Segment Open

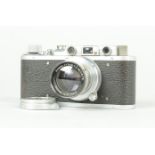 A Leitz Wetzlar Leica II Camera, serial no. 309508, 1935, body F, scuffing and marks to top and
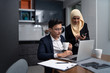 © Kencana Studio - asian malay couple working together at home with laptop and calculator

Segment Closed
Segment Open

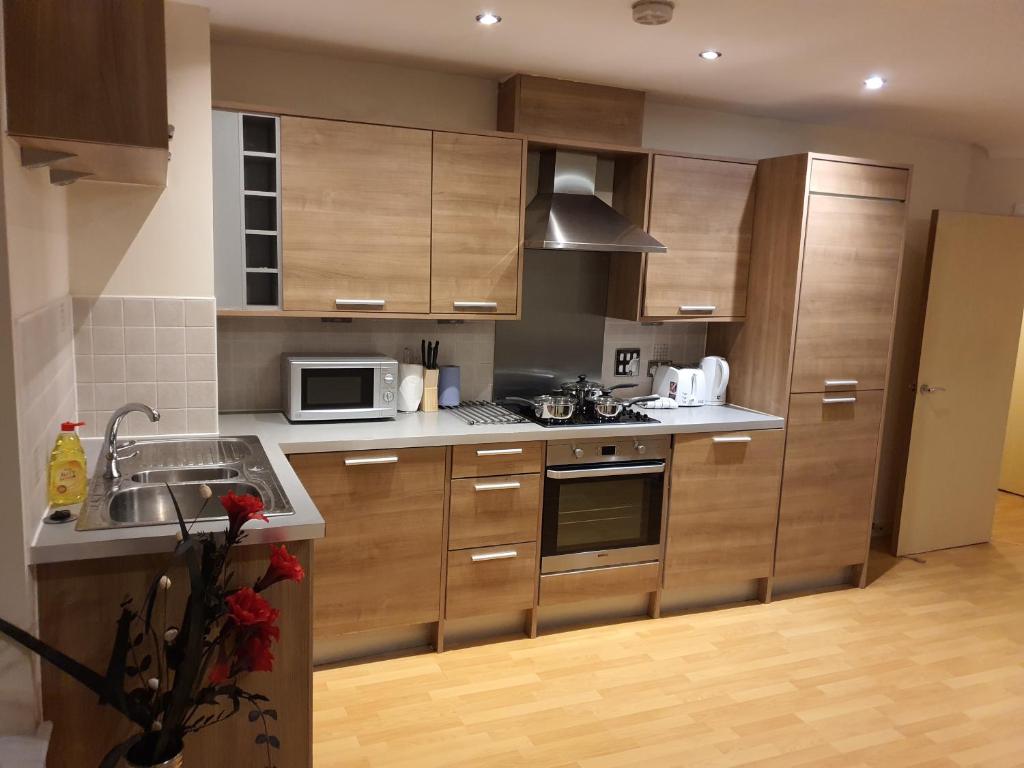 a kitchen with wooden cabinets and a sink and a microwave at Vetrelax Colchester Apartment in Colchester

Segment Closed
Segment Open

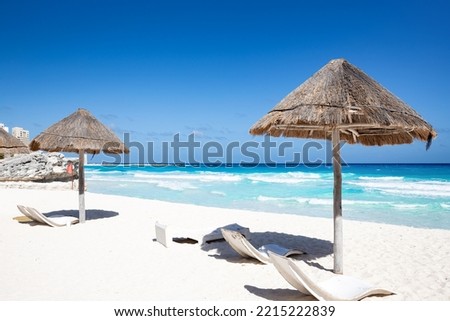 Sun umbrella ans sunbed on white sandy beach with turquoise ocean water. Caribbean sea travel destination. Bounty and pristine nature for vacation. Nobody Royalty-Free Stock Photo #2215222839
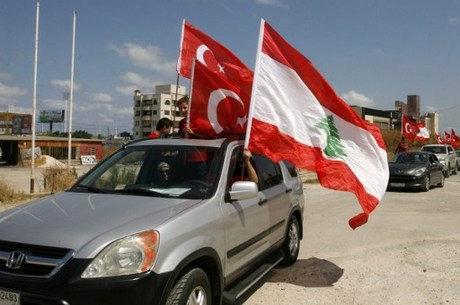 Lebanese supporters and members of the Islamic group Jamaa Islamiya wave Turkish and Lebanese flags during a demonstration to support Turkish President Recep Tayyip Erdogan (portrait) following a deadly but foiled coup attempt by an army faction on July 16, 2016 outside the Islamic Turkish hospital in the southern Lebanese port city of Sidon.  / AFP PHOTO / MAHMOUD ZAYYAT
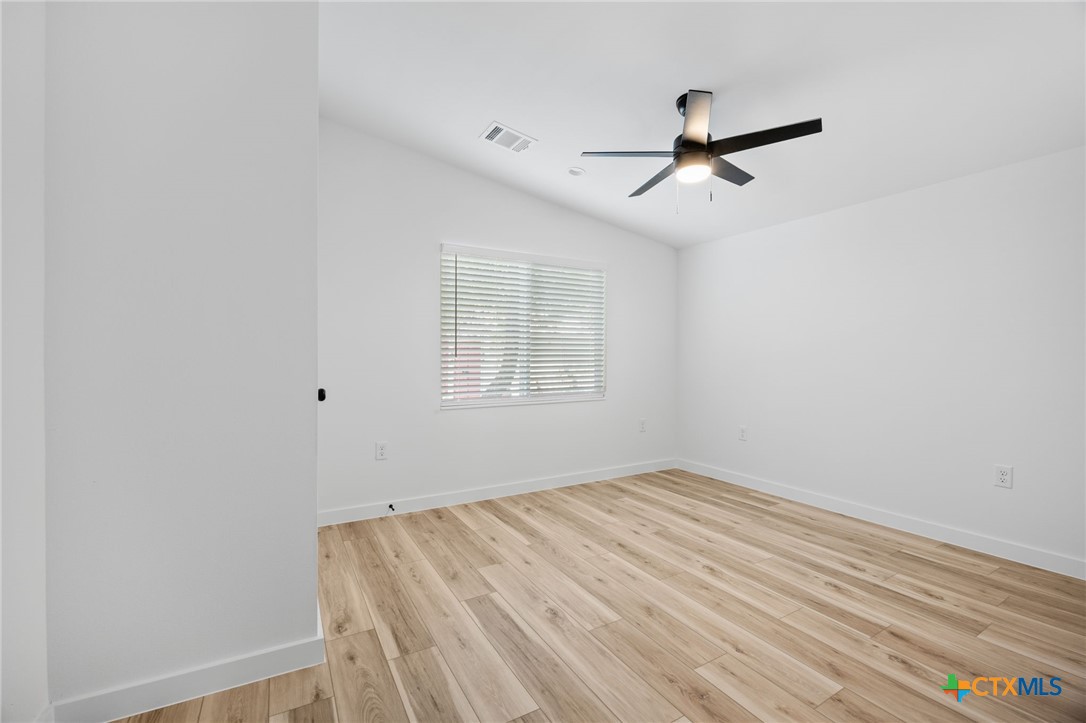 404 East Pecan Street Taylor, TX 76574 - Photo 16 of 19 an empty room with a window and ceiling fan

Segment Closed

### Instructions to follow
Reproduce the entries exactly, from the line with "A Leitz Wetzlar" to the line with "laptop and calculator", both lines included, keeping no pictures.

### Output for this exercise
 A Leitz Wetzlar Leica II Camera, serial no. 309508, 1935, body F, scuffing and marks to top and
 © Kencana Studio - asian malay couple working together at home with laptop and calculator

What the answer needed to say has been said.